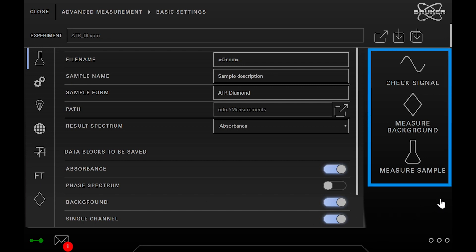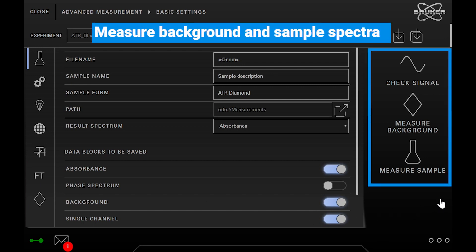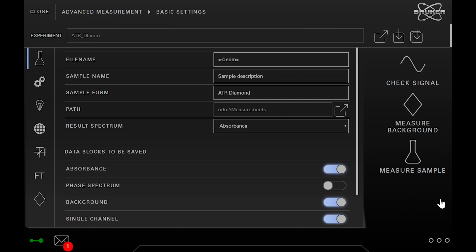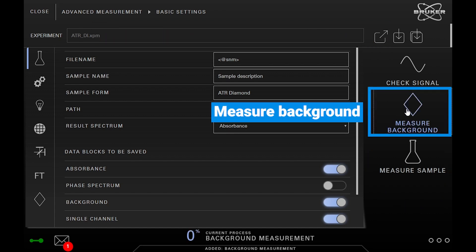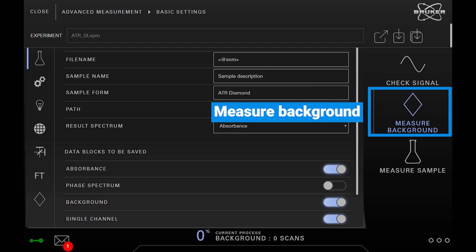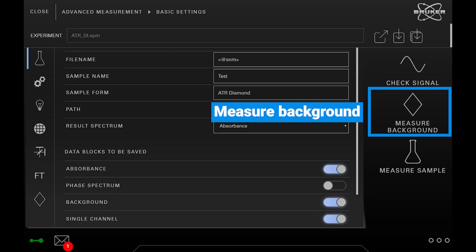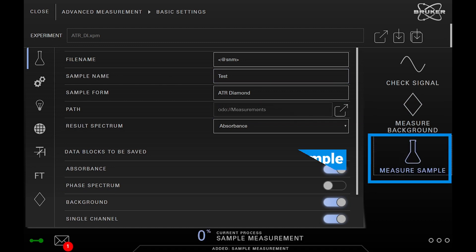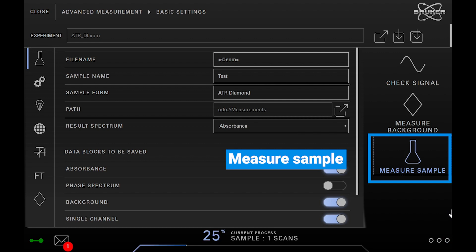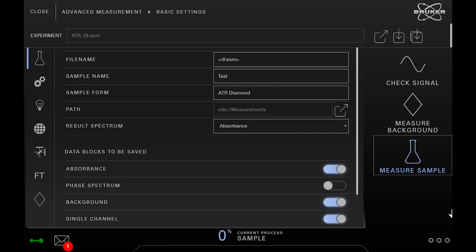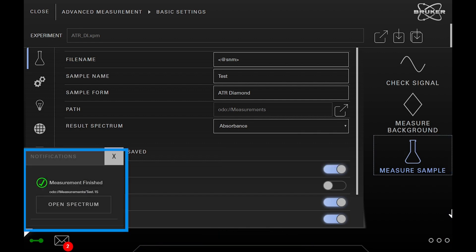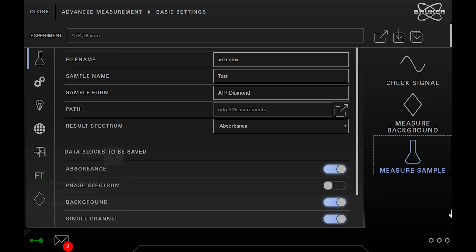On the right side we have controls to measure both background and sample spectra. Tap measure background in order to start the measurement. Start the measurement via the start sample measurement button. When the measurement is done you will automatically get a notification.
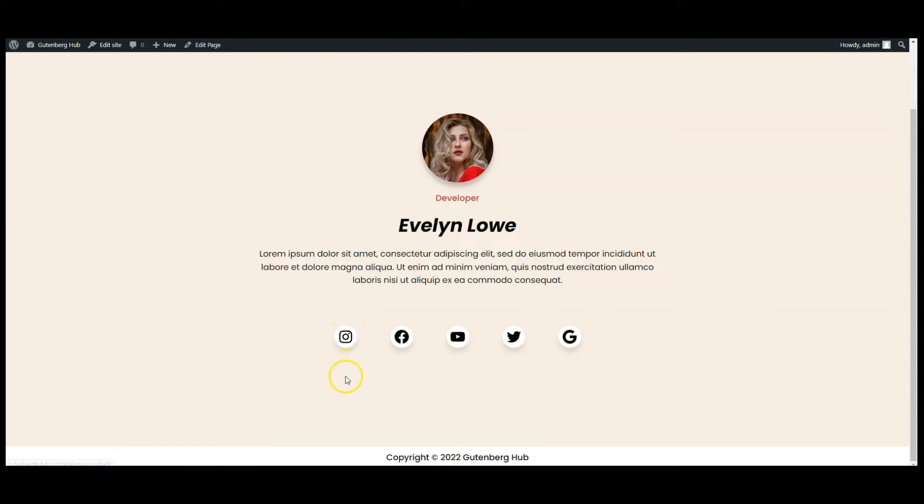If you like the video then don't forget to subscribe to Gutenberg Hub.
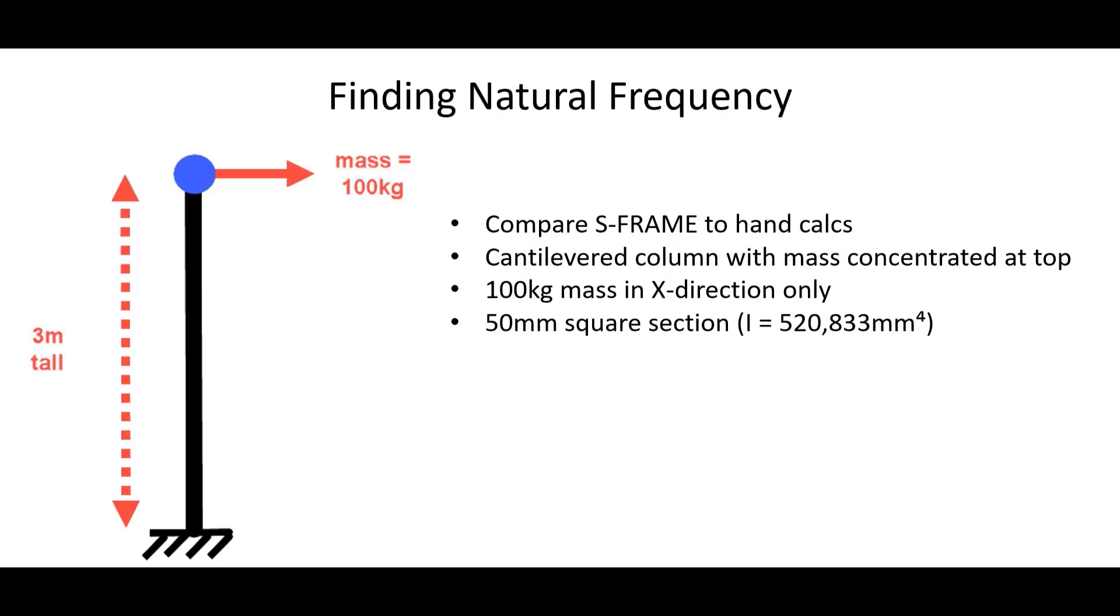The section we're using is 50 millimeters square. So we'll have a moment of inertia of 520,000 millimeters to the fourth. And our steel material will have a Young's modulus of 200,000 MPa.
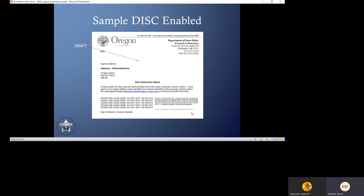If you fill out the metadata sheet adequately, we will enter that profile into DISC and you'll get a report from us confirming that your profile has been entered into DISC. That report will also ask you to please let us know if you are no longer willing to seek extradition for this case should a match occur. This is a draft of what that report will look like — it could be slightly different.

○ ○ ○ ○

● **Directions**
Since the pictures are not wanted, give the material again exactly without them.

● **Response**
On the right side we have controls to measure both background and sample spectra. Tap measure background in order to start the measurement. Start the measurement via the start sample measurement button. When the measurement is done you will automatically get a notification.
If you like the video then don't forget to subscribe to Gutenberg Hub.
The section we're using is 50 millimeters square. So we'll have a moment of inertia of 520,000 millimeters to the fourth. And our steel material will have a Young's modulus of 200,000 MPa.
If you fill out the metadata sheet adequately, we will enter that profile into DISC and you'll get a report from us confirming that your profile has been entered into DISC. That report will also ask you to please let us know if you are no longer willing to seek extradition for this case should a match occur. This is a draft of what that report will look like — it could be slightly different.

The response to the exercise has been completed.